══ Source material
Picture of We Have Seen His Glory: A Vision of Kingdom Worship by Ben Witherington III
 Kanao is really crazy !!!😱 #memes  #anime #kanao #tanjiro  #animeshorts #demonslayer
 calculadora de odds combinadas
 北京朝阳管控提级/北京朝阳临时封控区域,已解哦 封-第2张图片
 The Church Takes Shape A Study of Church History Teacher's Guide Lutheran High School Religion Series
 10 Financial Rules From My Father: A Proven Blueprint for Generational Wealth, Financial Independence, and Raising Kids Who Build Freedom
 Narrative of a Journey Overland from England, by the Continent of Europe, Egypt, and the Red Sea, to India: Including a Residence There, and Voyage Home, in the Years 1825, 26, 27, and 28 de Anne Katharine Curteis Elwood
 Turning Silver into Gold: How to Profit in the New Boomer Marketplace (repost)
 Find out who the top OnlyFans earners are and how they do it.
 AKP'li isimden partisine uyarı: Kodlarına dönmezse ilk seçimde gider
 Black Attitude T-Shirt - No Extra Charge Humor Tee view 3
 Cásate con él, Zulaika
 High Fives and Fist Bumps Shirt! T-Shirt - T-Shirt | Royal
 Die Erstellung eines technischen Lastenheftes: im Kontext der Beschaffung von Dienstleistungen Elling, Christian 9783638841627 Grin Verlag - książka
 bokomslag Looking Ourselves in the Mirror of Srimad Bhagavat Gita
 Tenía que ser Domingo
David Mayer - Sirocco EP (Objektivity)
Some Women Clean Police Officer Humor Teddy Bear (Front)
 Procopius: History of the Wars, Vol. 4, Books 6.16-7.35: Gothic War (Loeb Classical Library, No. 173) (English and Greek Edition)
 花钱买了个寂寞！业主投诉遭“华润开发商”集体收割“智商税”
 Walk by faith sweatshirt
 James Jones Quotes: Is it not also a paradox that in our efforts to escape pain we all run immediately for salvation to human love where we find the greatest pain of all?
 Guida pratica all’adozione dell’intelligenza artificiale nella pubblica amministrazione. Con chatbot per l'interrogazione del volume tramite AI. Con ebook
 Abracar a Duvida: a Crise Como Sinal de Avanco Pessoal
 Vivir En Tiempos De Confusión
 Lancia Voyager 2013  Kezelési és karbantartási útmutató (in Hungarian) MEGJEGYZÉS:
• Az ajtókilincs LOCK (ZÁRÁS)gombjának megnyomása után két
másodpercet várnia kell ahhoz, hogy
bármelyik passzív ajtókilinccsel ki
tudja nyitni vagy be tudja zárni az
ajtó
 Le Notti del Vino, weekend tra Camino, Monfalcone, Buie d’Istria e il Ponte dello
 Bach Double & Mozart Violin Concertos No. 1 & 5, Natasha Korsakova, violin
════
Work to complete
Copy all of the data above, character for character.

Written response
Picture of We Have Seen His Glory: A Vision of Kingdom Worship by Ben Witherington III
 Kanao is really crazy !!!😱 #memes  #anime #kanao #tanjiro  #animeshorts #demonslayer
 calculadora de odds combinadas
 北京朝阳管控提级/北京朝阳临时封控区域,已解哦 封-第2张图片
 The Church Takes Shape A Study of Church History Teacher's Guide Lutheran High School Religion Series
 10 Financial Rules From My Father: A Proven Blueprint for Generational Wealth, Financial Independence, and Raising Kids Who Build Freedom
 Narrative of a Journey Overland from England, by the Continent of Europe, Egypt, and the Red Sea, to India: Including a Residence There, and Voyage Home, in the Years 1825, 26, 27, and 28 de Anne Katharine Curteis Elwood
 Turning Silver into Gold: How to Profit in the New Boomer Marketplace (repost)
 Find out who the top OnlyFans earners are and how they do it.
 AKP'li isimden partisine uyarı: Kodlarına dönmezse ilk seçimde gider
 Black Attitude T-Shirt - No Extra Charge Humor Tee view 3
 Cásate con él, Zulaika
 High Fives and Fist Bumps Shirt! T-Shirt - T-Shirt | Royal
 Die Erstellung eines technischen Lastenheftes: im Kontext der Beschaffung von Dienstleistungen Elling, Christian 9783638841627 Grin Verlag - książka
 bokomslag Looking Ourselves in the Mirror of Srimad Bhagavat Gita
 Tenía que ser Domingo
David Mayer - Sirocco EP (Objektivity)
Some Women Clean Police Officer Humor Teddy Bear (Front)
 Procopius: History of the Wars, Vol. 4, Books 6.16-7.35: Gothic War (Loeb Classical Library, No. 173) (English and Greek Edition)
 花钱买了个寂寞！业主投诉遭“华润开发商”集体收割“智商税”
 Walk by faith sweatshirt
 James Jones Quotes: Is it not also a paradox that in our efforts to escape pain we all run immediately for salvation to human love where we find the greatest pain of all?
 Guida pratica all’adozione dell’intelligenza artificiale nella pubblica amministrazione. Con chatbot per l'interrogazione del volume tramite AI. Con ebook
 Abracar a Duvida: a Crise Como Sinal de Avanco Pessoal
 Vivir En Tiempos De Confusión
 Lancia Voyager 2013  Kezelési és karbantartási útmutató (in Hungarian) MEGJEGYZÉS:
• Az ajtókilincs LOCK (ZÁRÁS)gombjának megnyomása után két
másodpercet várnia kell ahhoz, hogy
bármelyik passzív ajtókilinccsel ki
tudja nyitni vagy be tudja zárni az
ajtó
 Le Notti del Vino, weekend tra Camino, Monfalcone, Buie d’Istria e il Ponte dello
 Bach Double & Mozart Violin Concertos No. 1 & 5, Natasha Korsakova, violin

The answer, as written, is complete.